As we’ve said all along, I don’t think there’s anything wrong with your script. I think the process is just failing where there are heavily dynamically created pages. Or other content/elements which it can’t fetch.
The counterargument to that remains the fact that I can reliably Clip a webarchive in DT 100% of the time.
So… this has been the process today:
1 I ran the ‘Check Links’ script on my ‘Computer’ (grey) top level Group, which as 459 webarchives:
2 The script found, logged and put into its ‘Invalid URLs’ Group 52 webarchives (just over 10%… I have kept the (DT) log if it’ll help) that needed attention.
I worked through them one by one - inspecting, confirming and correcting
3 The first such invalid URL was for Spamhaus, which displays like this in the View/Edit pane with the outdated URL http://www.spamhaus.org/rosko/index.lasso
:
The correct URL, of course is: https://www.spamhaus.org
and it should look like this:
(Re-)running your Update webarchive script does not correct it.
4 Another example is this page: `https://www.snoize.com’ (MIDI monitoring software called, Snoize)
Again, the DT ‘Check Links’ script finds that the URL in the webarchive is incorrect.

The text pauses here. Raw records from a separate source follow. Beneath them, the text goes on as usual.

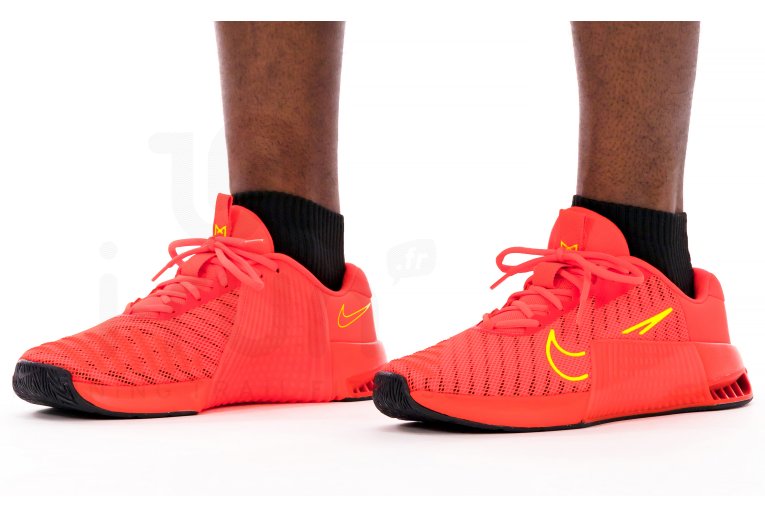 Nike Metcon 9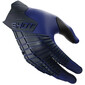 gant-classique-shot-gants-core-max-bleu-1.jpg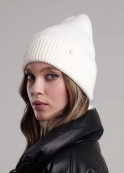 CLE  454394 - fancymoda.ru 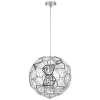 Подвес Lightstar Fermo 724064
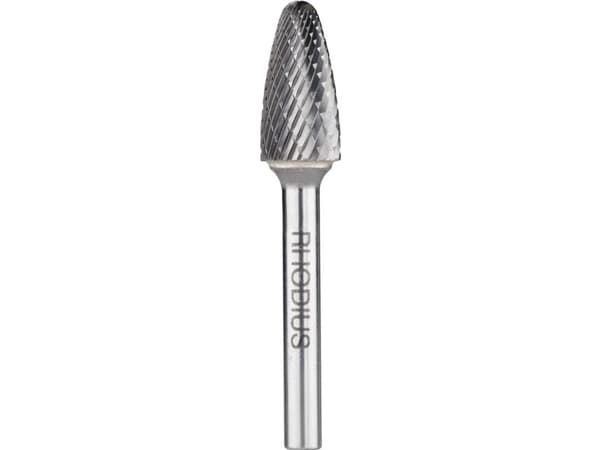 Rhodius 305056 Fræsestift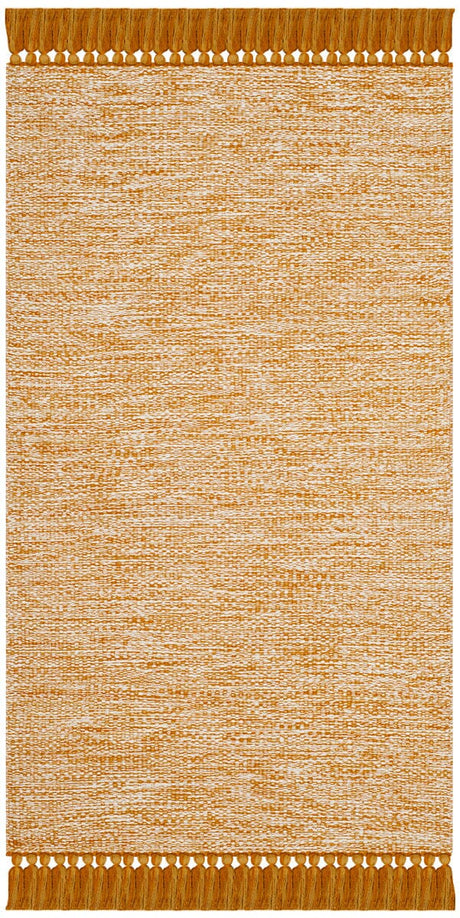 Safavieh Montauk Mtk610I Gold Rugs.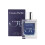 Ocean Pacific Storm Eau De Parfum Frfi Gymlcss 3,4 Fl Oz 1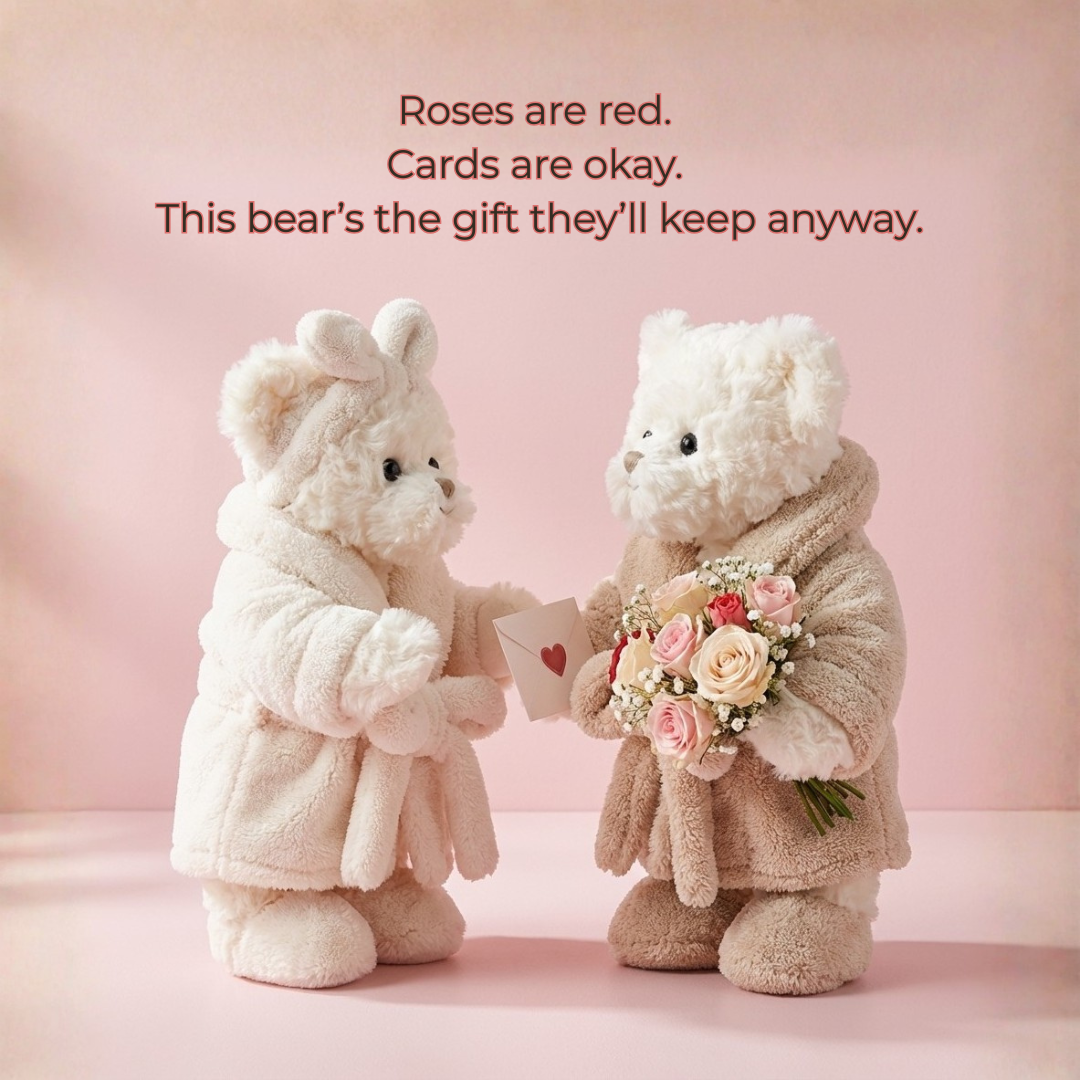 Bukowski Bears Facebook ad from Jan 14, 2026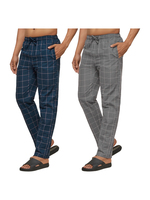 Men's Innerwear by ALMO, Dollar, etc starting from Rs.146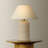 Acker Table Lamp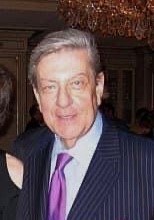 Obituary of Bruce B. Felder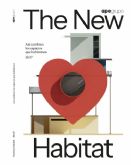 El bienestar fsico y mental de las personas se consolida como la gran prioridad en el diseno de espacios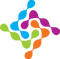 alpha-web-innovations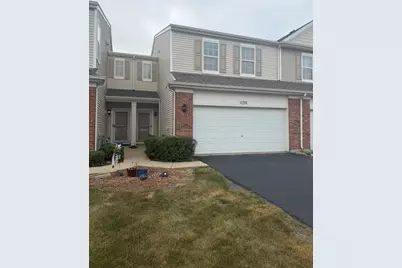 1130 Heron Circle, Joliet, IL 60431 - Photo 1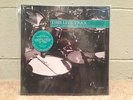 Dave Matthews Band Live Trax Vol. 3 Vinyl - 4 LP RSD Black Friday DMB 753/1000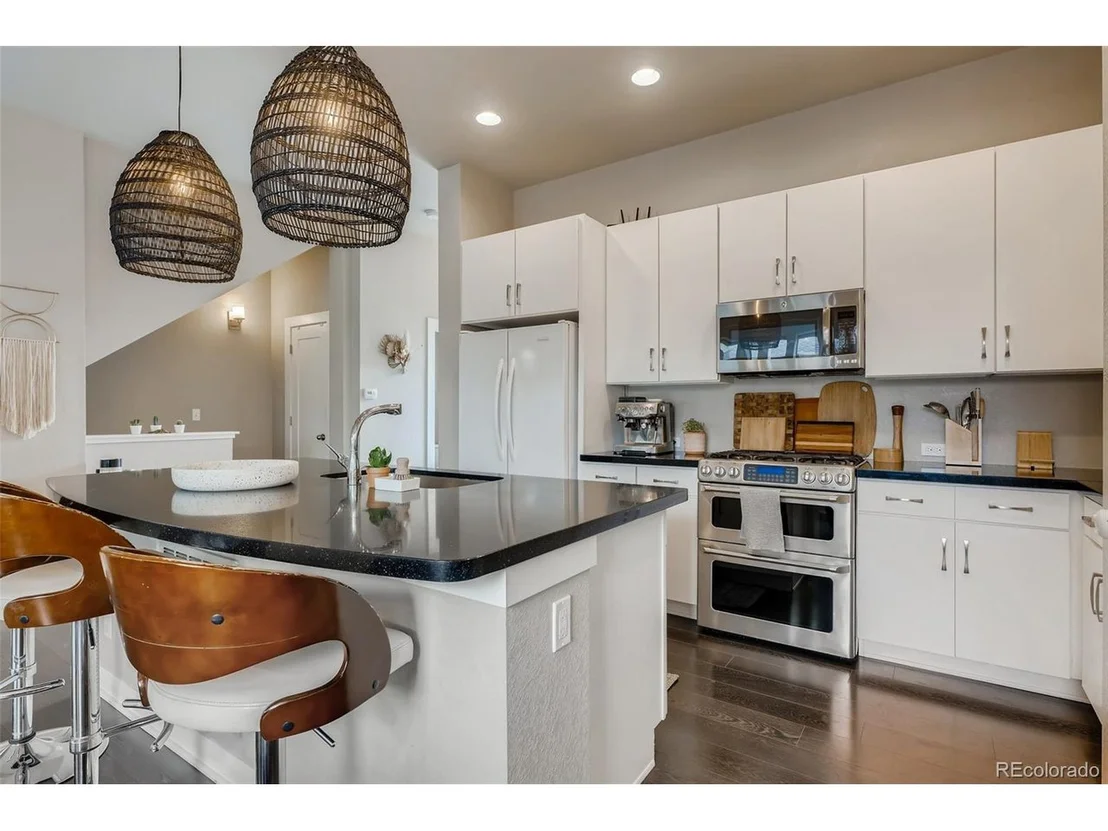 Photo of 6721 Alan Dr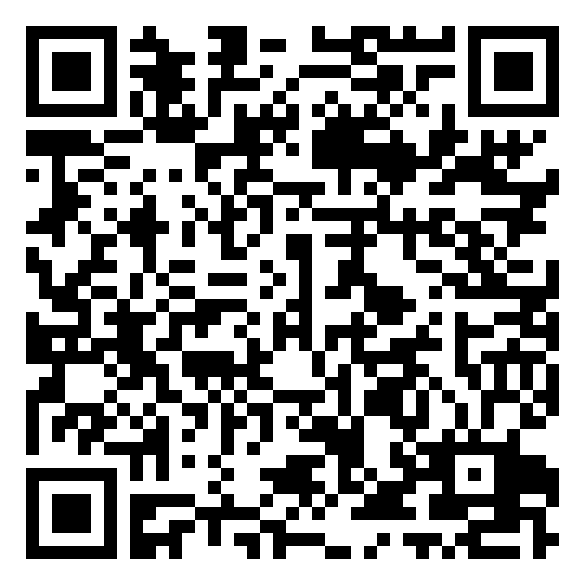 QR code 14701875300000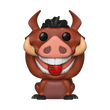 پیش فروش فانکو پاپ پومبا Pre Order Lion King - Luau Pumbaa (498)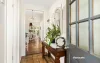 20 Stanley Terrace, Wynnum, Qld 4178-Image
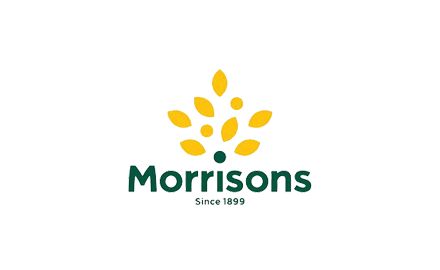 morrisons logo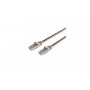 Mercodan UltraFlex καλώδιο patch KAT6 (371231020)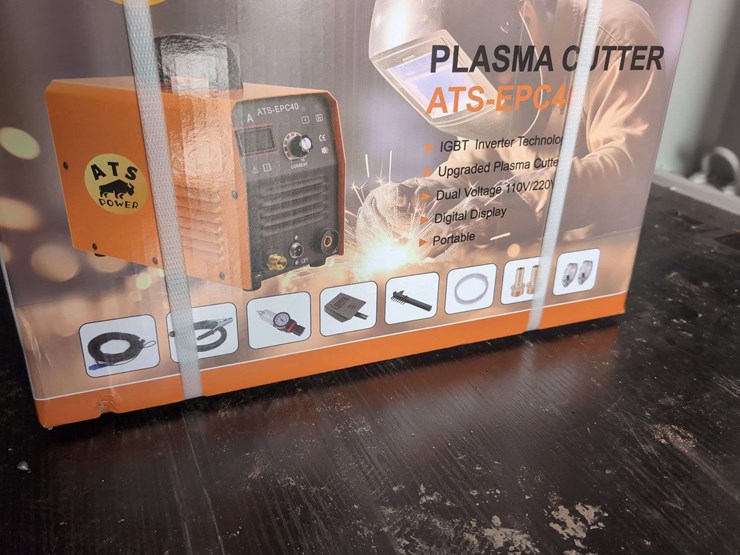 (1)-ats-power-plasma-cutter-dual-voltage-ats-epc40-image-3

I correct it in the inspector.
But both before and after running the Update webarchive script the page is incorrectly rendered in the View/Edit pane:
5 One last example is a forum where somehow the webarchive insists on hanging on to the arguments/parameters for one particular post - rather than displaying the home page, all that’s contained in that URL.
https://www.sibeliusforum.com
should look like this:
Again, I correct the URL in the DT inspector and run the script; in the View/Edit pane - no matter how many times I rerun the script, it always renders wildly inaccurately:
It does seem to be hanging on - and trying to render - parameters for a particular thread by ‘keyrkenat’, doesn’t it.
Now - I did notice that if - in the View/Edit pane - I right/Ctrl-click and Open Page in Safari - I go to a page which renders correctly as well:
Today I have not touched Update Captured Archive
once.
Happy to provide further information if it helps, @pete31!
I still feel that I may not be approaching the whole question of updating/correcting/editing webarchives properly or as DT expects. I’d love to know, please.
Particularly given the disconnect which has been pointed out between the notional URL visible in the View/Edit pane and the URL field in the Inspector.
Am I missing the preferred/best practice way generally to correct URLs in webarchives? @BLUEFROG, @cgrunenberg, please?